Solubility is unchanged because a buffer keeps pH constant, so dissolution equilibria cannot shift.
Solubility increases because higher pH always increases solubility of metal hydroxides by neutralizing the solid.
Solubility is unchanged because $\text{OH}^-$ is not included in the equilibrium for dissolving metal hydroxides.

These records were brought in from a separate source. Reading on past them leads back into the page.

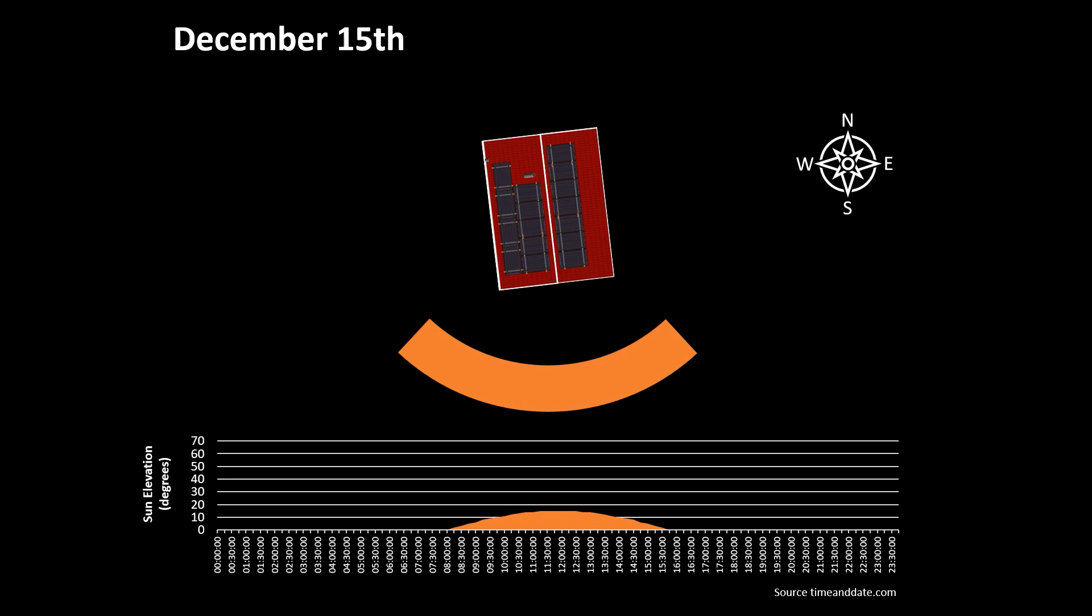So midway through December, if we take the 15th as the midpoint, and based on the data from timeanddate.com, the sun is rising in the direction of the southeast at around 7:56 in the morning, and it sets around 15:47 in the afternoon in the direction of the southwest. There is only 7 hours and 51 minutes of daylight on this date, and when you compare that to the 15th of November, there is again an hour's less daylight, and this is only 6 days before the shortest day of the year.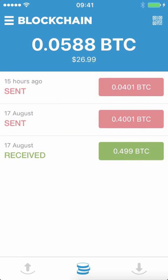So yeah, this is just a short video. I just wanted to share with you the blockchain app available for your iPhone and give a basic overview of how it works. Okay, that's all for this video — thanks for watching.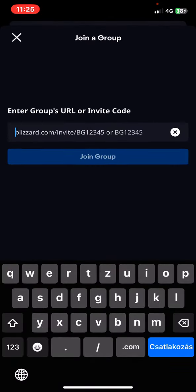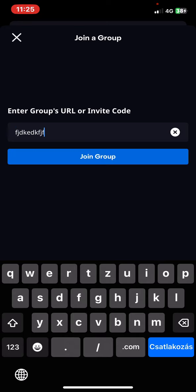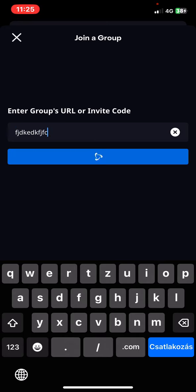So in order to join this group you need to enter the group's URL or you need an invite code that you have to type in here and once you did that just click on the join group button.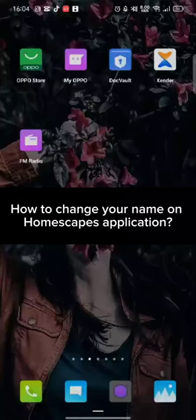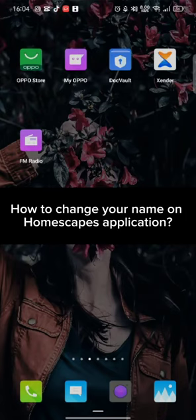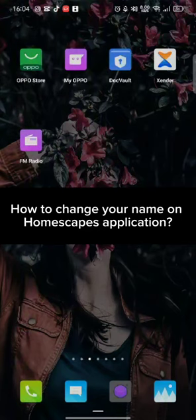Hi guys, welcome back to a new episode of Crazy Gamers. Today in this video, I'm gonna show you how you can change your name on Homescapes. Keep watching the video till the end.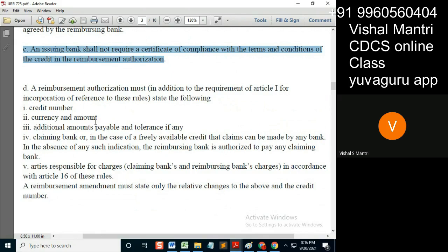While mentioning it in the RA, it will not state the LC terms and conditions exactly as they are. It will just give the reimbursing bank the details — that a 10% more claim can come ahead of this amount, or a 5% less claim can come below this amount. So the tolerance means if there is a 10% or 5% tolerance, it should immediately mention what the amounts payable and tolerances can be.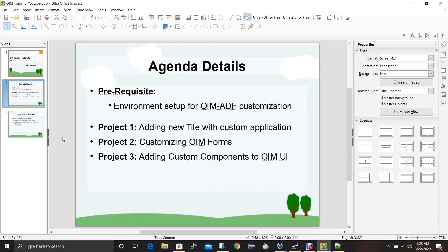The first project is where I will be creating a new tile application on OIM. In the second project I will be showing how we can customize the Oracle Identity Manager forms such as application instance forms, user forms, or catalog forms. In the third project I will be creating custom components on the OIM interface and adding backend functionality on those components, all done through ADF.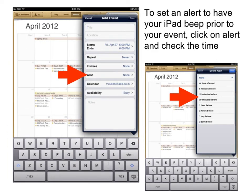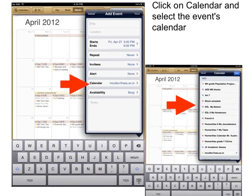To set an alert to have your iPad beep prior to your event, click on the alert and check the time — at the time of the event, five minutes before, an hour before, etc. Tap done once you've done this.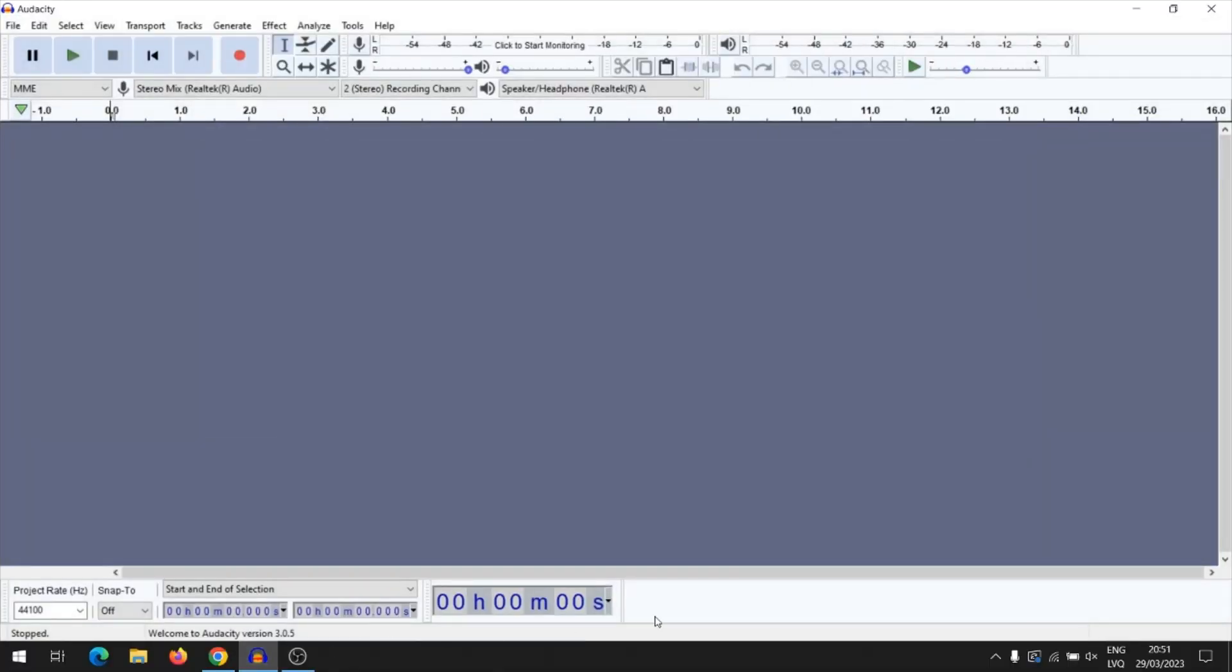Hello, today I will show you how to trim audio in Audacity. First you need to open the audio file in Audacity. You need to press File, then Open, and select the audio file to add and press Open.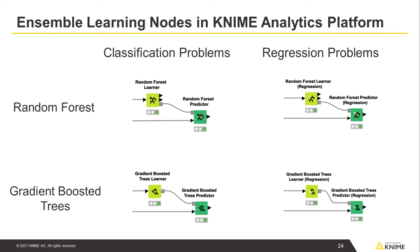The ensemble learning methods described in this video are available in KNIME Analytics platform. Nodes are available for both classification and regression analyses.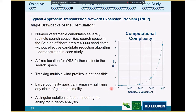Furthermore, the mixed integer approach returns only a single solution. If that solution matches your needs, that is great, but if there is some unconsidered constraint that makes it unusable, you are stuck and have to rethink all constraints, reformulate the problem, and start from scratch.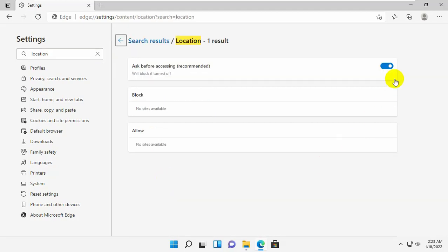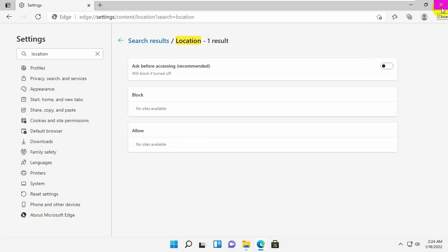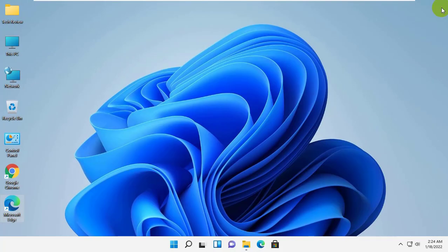Now turn off the ask before accessing — recommended. Job done. Now you can close the browser. Please, take care.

Explanation: This question tests understanding of the common ion effect with metal hydroxides at high pH. Cu(OH)₂ dissolves according to: Cu(OH)₂(s) ⇌ Cu²⁺(aq) + 2OH⁻(aq). At pH 10, the solution has a relatively high [OH⁻] concentration (10⁻⁴ M) compared to pure water. These OH⁻ ions are a common ion with the dissolution products, so according to Le Chatelier's principle, the increased [OH⁻] shifts the equilibrium to the left, decreasing the solubility of Cu(OH)₂. Choice C incorrectly suggests that buffers prevent equilibrium shifts, but buffers only maintain constant pH—they don't prevent the common ion effect. For metal hydroxides, high pH (high [OH⁻]) always decreases solubility through the common ion effect, while low pH increases solubility by removing OH⁻ through neutralization.

Question 10

Solid silver acetate, $\text{AgC}_2\text{H}_3\text{O}_2(s)$ , is added to two beakers at the same temperature: Beaker A contains pure water, and Beaker B contains 0.10 M HC $_2$ H $_3$ O $_2$ (acetic acid). Compared with Beaker A, what happens to the solubility of $\text{AgC}_2\text{H}_3\text{O}_2(s)$ in Beaker B, and why?

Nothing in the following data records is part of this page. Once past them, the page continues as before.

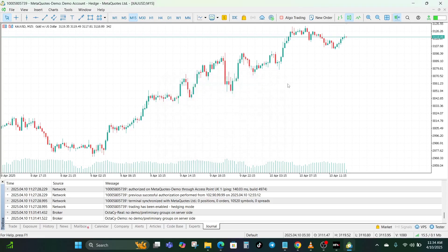That's how to fix the MT4 and MT5 invalid account login problem once and for all. This checklist works whether you are on desktop or mobile, so you'll never be stuck staring at that red invalid account message again. If this helps you out, click that like button and subscribe for more MetaTrader fixes, trading tools, and tutorials. Still having trouble? Drop your issue in the comments. Until next time — stay sharp, stay calm, and always trade with confidence.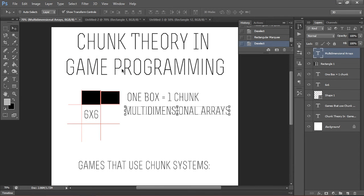Hello everyone, welcome to the first in a multiple part series called Game Theory and Execution in Programming and Design. Today we're going to be talking about Chunk Theory in Game Programming.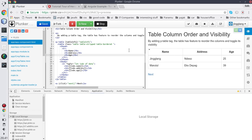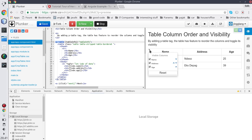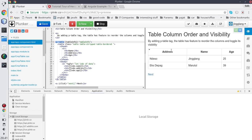To use this component, we wrap the table with this custom tag that I created. This is how it works — we can reorder the columns. For example, the address column can become the first column.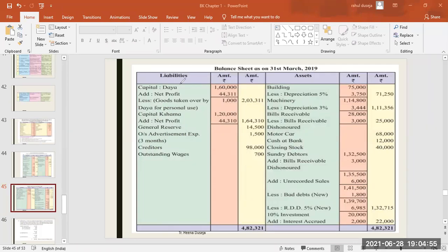For adjustments, you have to double-check that you have all the adjustments written correctly.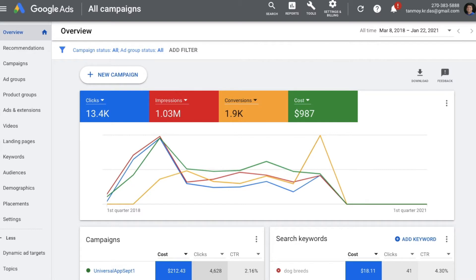This ad appears on YouTube and other video content websites as well. So let's have a look at it. First, we'll see how to go ahead and link our Google Ads account to our YouTube account, and then we'll get into the process of building this campaign.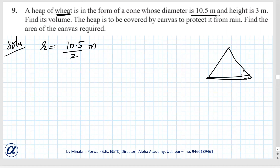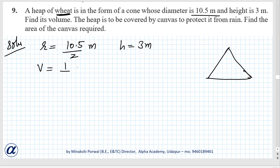The height is 3 meters. Find its volume. Volume equals 1 by 3 pi r squared h.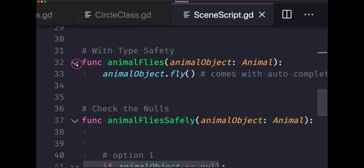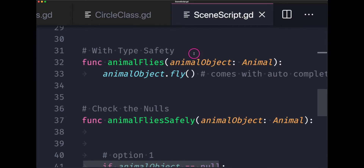Let's add some type safety to our duck typing. We have a function called `animal_flies` with a parameter called `animal_object` that is typed as the animal class. You would think this means only values of the animal type can be passed in, and you'd be 99% correct. Passing an integer will produce an error before the game even runs. However, passing an object class will still execute, but if that object doesn't inherit from animal, it will be cast as null.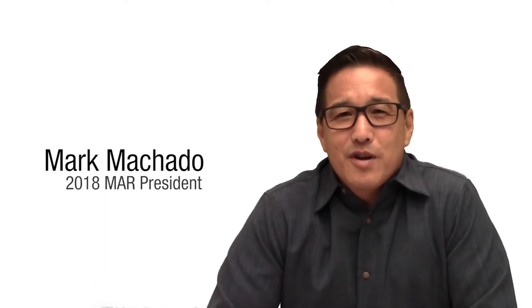Hi, I'm Mark Machado and I'll be serving as MAR's president next year and I want to personally invite you to volunteer for an association committee in 2018.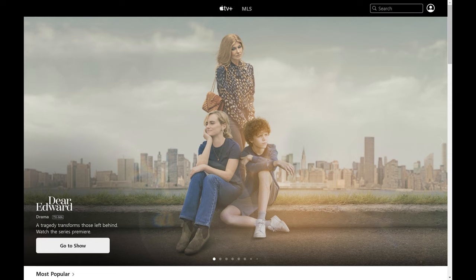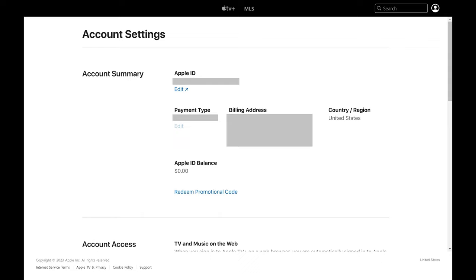Step 2. Click the profile icon at the top of the screen to open a menu, and then click Settings in that menu. The Account Settings screen is displayed.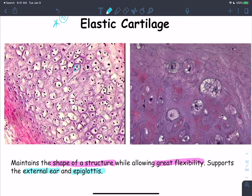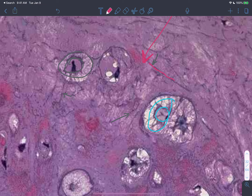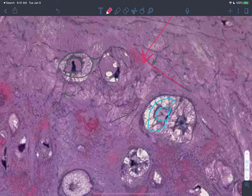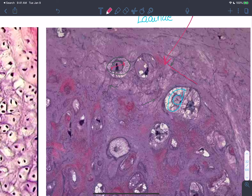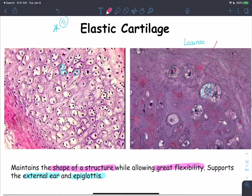Another type of cartilage: again, we identify cartilage by chondrocytes within lacunae, then differentiate types by the fibers in the matrix. Looking closely, you can see thin, darkly stained long fibers. To confirm they are thin, compare the fiber diameter to the diameter of a nearby cell — a much smaller diameter indicates thin fibers. These thin, darkly stained long fibers are elastic fibers.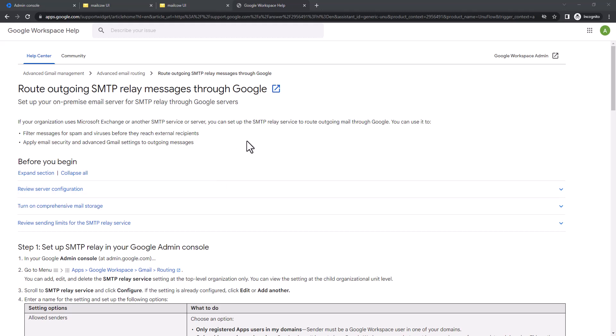Hello everyone. In this video I will show you how to set up SMTP relay with Mailcow server. This is particularly for Google Workspace. For example, let's say you have a domain configured with Google Workspace and you are already receiving mail through Google Workspace.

Solubility decreases because acetic acid supplies acetate ions directly, increasing $[\text{C}_2\text{H}_3\text{O}_2^-]$ and shifting toward the solid.
Solubility increases because $\text{H}^+$ protonates $\text{C}_2\text{H}_3\text{O}_2^-$ to form HC $_2$ H $_3$ O $_2$ , reducing $[\text{C}_2\text{H}_3\text{O}_2^-]$ and shifting dissolution forward.
Solubility decreases because adding any acid adds a common ion $\text{H}^+$ that appears in the solubility product expression for acetate salts.
Solubility is unchanged because $K_{sp}$ fixes the solubility regardless of other equilibria such as acid-base reactions.
Solubility is unchanged because weak acids do not affect equilibrium concentrations and only strong acids can change solubility.

Explanation: This question tests understanding of how weak acids affect the solubility of salts containing their conjugate bases. Silver acetate dissolves as: AgC₂H₃O₂(s) ⇌ Ag⁺(aq) + C₂H₃O₂⁻(aq). Acetic acid (HC₂H₃O₂) is a weak acid that partially dissociates, providing H⁺ ions that can protonate the acetate ion (C₂H₃O₂⁻) to form more HC₂H₃O₂. This removes C₂H₃O₂⁻ from the solution, and by Le Chatelier's principle, the dissolution equilibrium shifts right to produce more ions, increasing solubility. Choice D incorrectly claims that acetic acid supplies acetate ions, but weak acids actually consume their conjugate bases through protonation rather than supplying them. When a weak acid is added to a solution containing its conjugate base as part of a sparingly soluble salt, the acid will increase the salt's solubility by removing the anion through protonation.